65.「琉球墓制の性格」
「琉球墓制の性格」(酒井卯作『琉球列島における死霊祭祀の構造』)。
墓制の順序。
1.洞窟墓 散骨
2.石積墓(亀甲墓)
3.石塔 破風墓
琉球列島の葬制の沿革をみるときに、両墓制の成立は困難であり、複葬制の成立すらも歴史的には新しい風習と考えている(p.497)。
珊瑚礁より成り立った地質の故に、地表が浅く、埋葬することが困難という理由から、どしても地上葬の形式をとらざるをえない(後略)。山野に「放置された」とみられる人骨は、その埋葬できないという地質上の理由によるものとみられる(p.498)。

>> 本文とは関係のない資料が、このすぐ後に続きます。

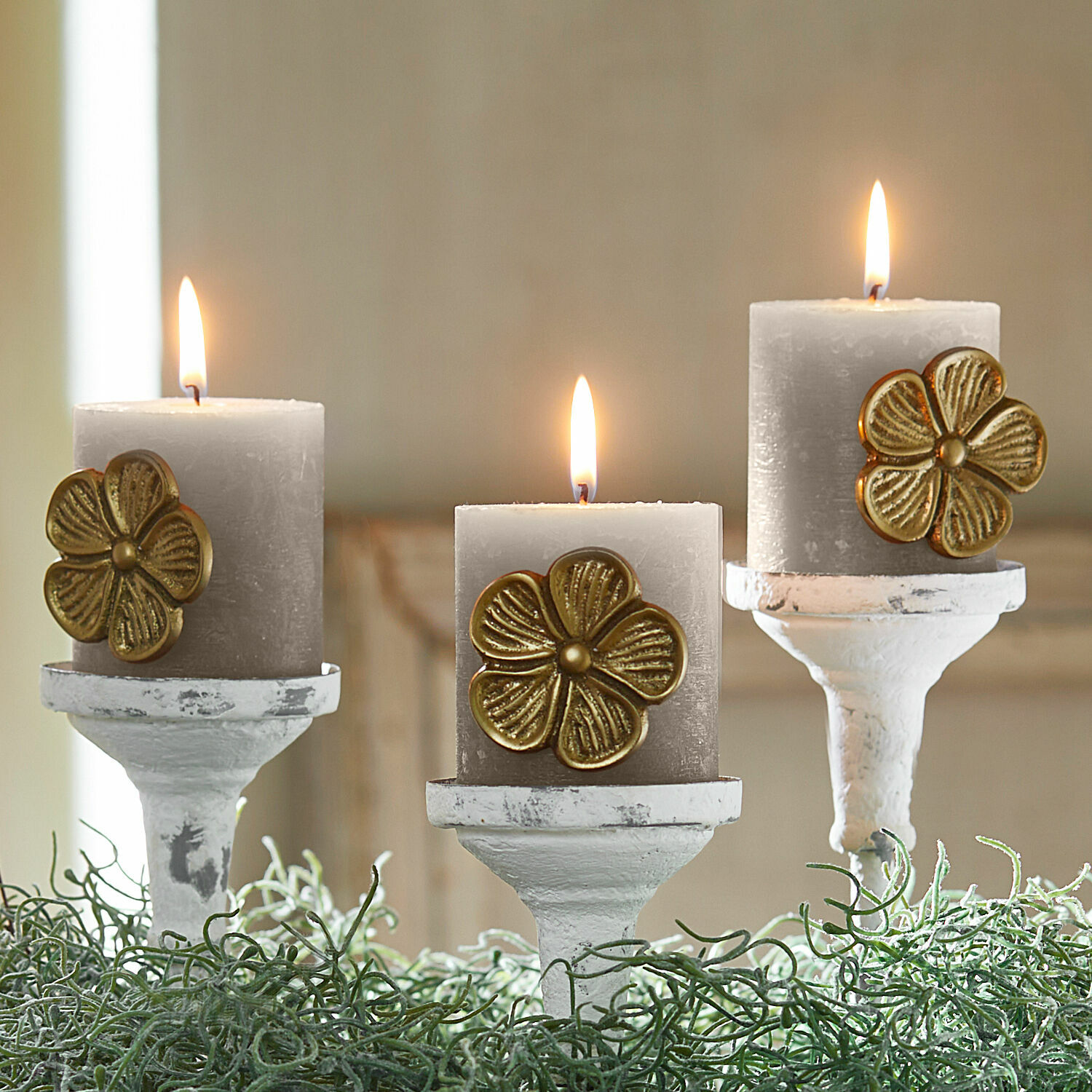 Deko-Pin 3er Set Olevir Drei graue Kerzen mit goldener Blumenverzierung auf weissen Kerzenhaltern mit grünem Blattwerk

野ざらしや洞窟墓をどう理解するかというと、これは死霊観念の強さのために、死者はなるべく境界の外へ放棄しようとするか、洞窟の中に押し込めようとする意図が直接の理由であったと思う。とくに注意してみたいのは、死者を放棄するのは(中略)、マブイ(守護霊)を除去してしまえば、肉体はまったく価値のないものである。そういう考えから、死後に行われるマブイ別しを機会に、死者は放棄されて顧みられないというのが古風な形であったろう。埋葬できないという地質上の理由と、死霊に対する考え方は相互に関係しながら、こうして琉球の特殊な墓制を作りだしていくので、葬式のことをカクス(八重山)、ステル(宮古)、オサエ(奄美)などの言葉はその付近の事情をうまく表現している(p.499)。
「野ざらしや洞窟墓」は、光と闇が交錯して他界への入口となる場所だから、その境界域として葬地に指定された。琉球弧では死霊観念だけというより精霊観念が強い。ということは肉体より霊魂を人間の本質と見なしたということだ。それが、「カクス(八重山)、ステル(宮古)、オサエ(奄美)」という言葉の意味である。